Run quarterly data audits at minimum, with automated enrichment and verification running continuously in the background. Quarterly audits catch job changes and company updates before they impact outreach; continuous automation prevents the 14-day enrichment lag that causes routing failures and misrouted leads. ZoomInfo Operations automates this refresh cycle without manual intervention.

What's the difference between data cleansing and data enrichment?

Data cleansing removes errors, duplicates, and inconsistencies from existing records. Data enrichment adds missing information, direct dials, job titles, firmographics, technographics, to incomplete records. Both are necessary: cleansing fixes what is wrong; enrichment fills what is missing. Most organizations need both running continuously, not as one-time projects.

Can dirty data affect email deliverability?

Yes. Bounced emails from bad addresses hurt your sender reputation, which causes future emails to land in spam folders. This compounds over time: a database with 20% stale email addresses does not just waste 20% of your sends, it degrades deliverability for the remaining 80% as well. Verified business emails (ZoomInfo maintains 200M+) reduce bounce rates and protect sender reputation.

What's the ROI of cleaning dirty data?

Gartner estimates organizations lose an average of $9.7M per year to poor data quality. Clean data increases connect rates, reduces wasted outreach, and improves forecast accuracy. Momentive's speed-to-lead improvement, from 20 minutes to 60 seconds, is a direct productivity gain from eliminating dirty data in the routing pipeline.

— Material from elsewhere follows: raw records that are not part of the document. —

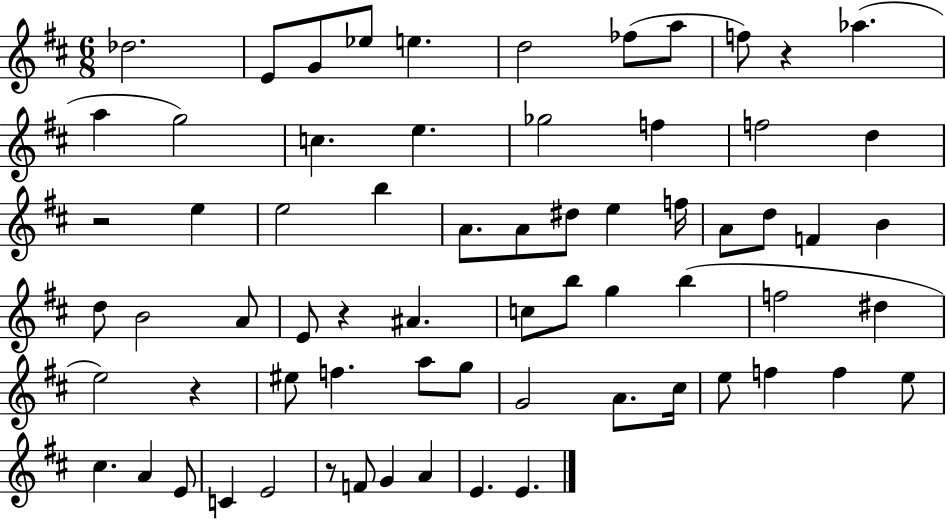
{
  \clef treble
  \numericTimeSignature
  \time 6/8
  \key d \major
  \repeat volta 2 { des''2. | e'8 g'8 ees''8 e''4. | d''2 fes''8( a''8 | f''8) r4 aes''4.( | \break a''4 g''2) | c''4. e''4. | ges''2 f''4 | f''2 d''4 | \break r2 e''4 | e''2 b''4 | a'8. a'8 dis''8 e''4 f''16 | a'8 d''8 f'4 b'4 | \break d''8 b'2 a'8 | e'8 r4 ais'4. | c''8 b''8 g''4 b''4( | f''2 dis''4 | \break e''2) r4 | eis''8 f''4. a''8 g''8 | g'2 a'8. cis''16 | e''8 f''4 f''4 e''8 | \break cis''4. a'4 e'8 | c'4 e'2 | r8 f'8 g'4 a'4 | e'4. e'4. | \break } \bar "|."
}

Most organizations see measurable gains within the first quarter of implementing continuous enrichment.

Can dirty data create legal liability?

Yes. Data that violates GDPR, CCPA, or CAN-SPAM, including records retained beyond regulatory limits, contacts processed without proper consent, or personal data stored without a lawful basis, exposes organizations to significant fines. Amazon received an $888 million EU fine in 2021 for data privacy violations. Dirty data is not just an operational problem; it is a compliance and risk management issue that requires the same governance rigor as financial data.